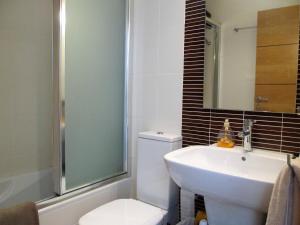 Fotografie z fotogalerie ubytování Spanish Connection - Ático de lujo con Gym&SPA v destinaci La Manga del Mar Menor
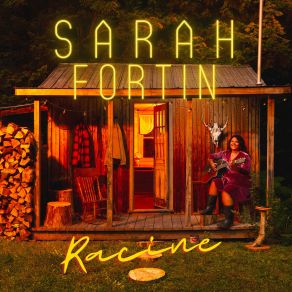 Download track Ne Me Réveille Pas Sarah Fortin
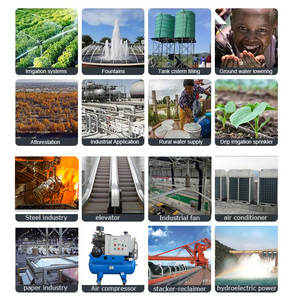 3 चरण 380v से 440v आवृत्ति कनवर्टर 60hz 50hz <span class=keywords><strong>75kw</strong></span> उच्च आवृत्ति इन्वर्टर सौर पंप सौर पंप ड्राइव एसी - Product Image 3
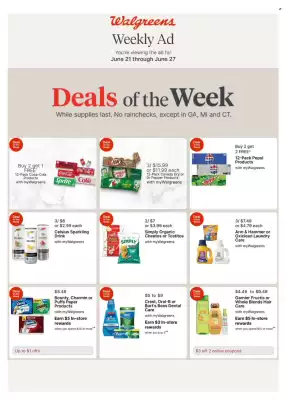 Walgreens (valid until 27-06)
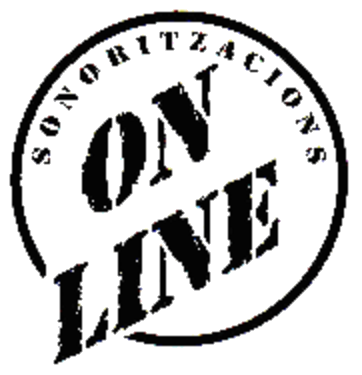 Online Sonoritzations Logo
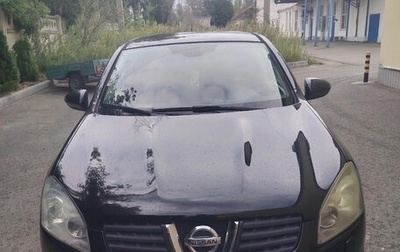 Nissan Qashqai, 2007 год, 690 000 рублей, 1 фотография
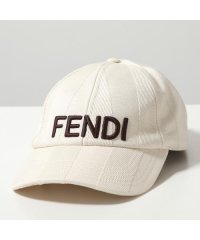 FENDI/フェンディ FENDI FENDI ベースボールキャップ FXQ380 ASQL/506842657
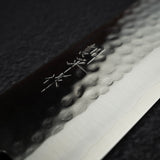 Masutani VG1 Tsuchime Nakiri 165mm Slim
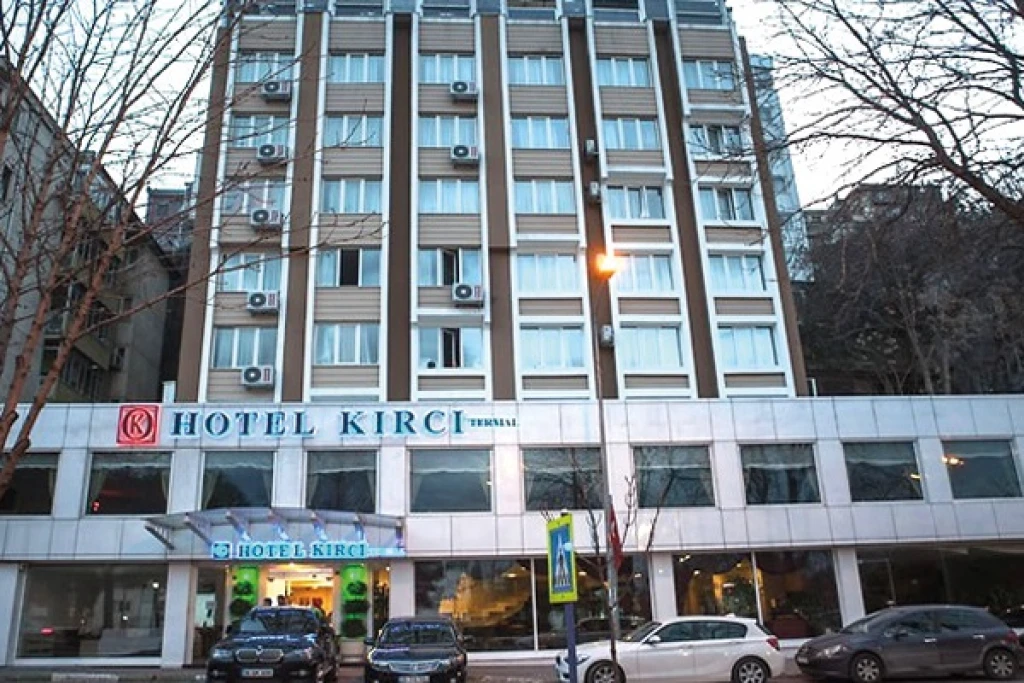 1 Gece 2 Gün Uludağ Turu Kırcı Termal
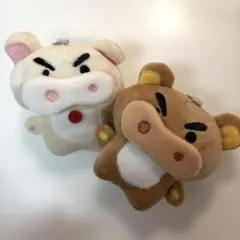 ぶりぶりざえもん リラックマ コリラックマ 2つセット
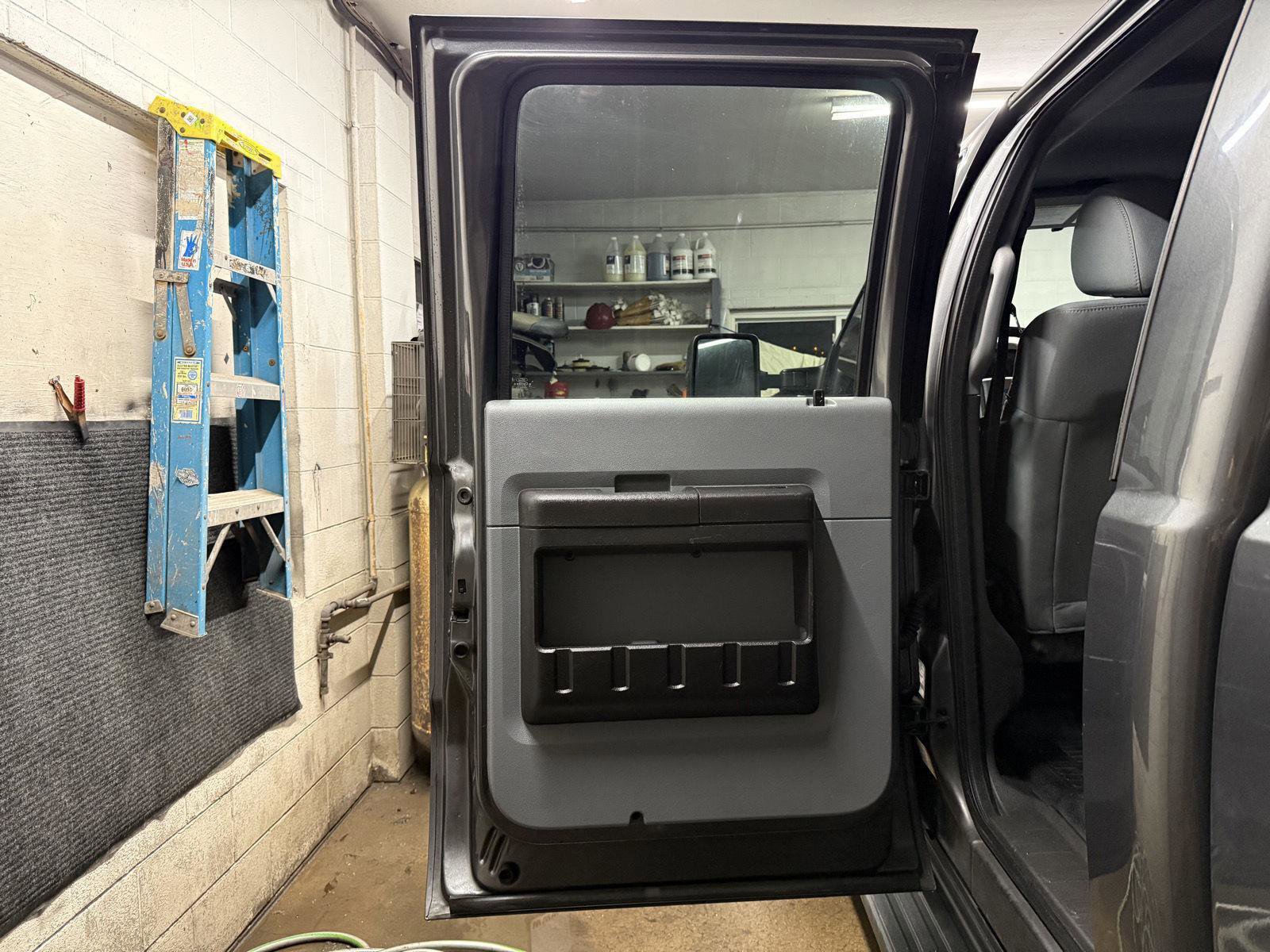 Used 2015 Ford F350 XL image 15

-.-.-

Exercise aim >> Please print all the entries exactly as written, but drop the pictures.

Answer below >>
 Fotografie z fotogalerie ubytování Spanish Connection - Ático de lujo con Gym&SPA v destinaci La Manga del Mar Menor
 Download track Ne Me Réveille Pas Sarah Fortin
 3 चरण 380v से 440v आवृत्ति कनवर्टर 60hz 50hz <span class=keywords><strong>75kw</strong></span> उच्च आवृत्ति इन्वर्टर सौर पंप सौर पंप ड्राइव एसी - Product Image 3
 Walgreens (valid until 27-06)
 Online Sonoritzations Logo
 Nissan Qashqai, 2007 год, 690 000 рублей, 1 фотография
 FENDI/フェンディ FENDI FENDI ベースボールキャップ FXQ380 ASQL/506842657
 Masutani VG1 Tsuchime Nakiri 165mm Slim
 1 Gece 2 Gün Uludağ Turu Kırcı Termal
 ぶりぶりざえもん リラックマ コリラックマ 2つセット
 Used 2015 Ford F350 XL image 15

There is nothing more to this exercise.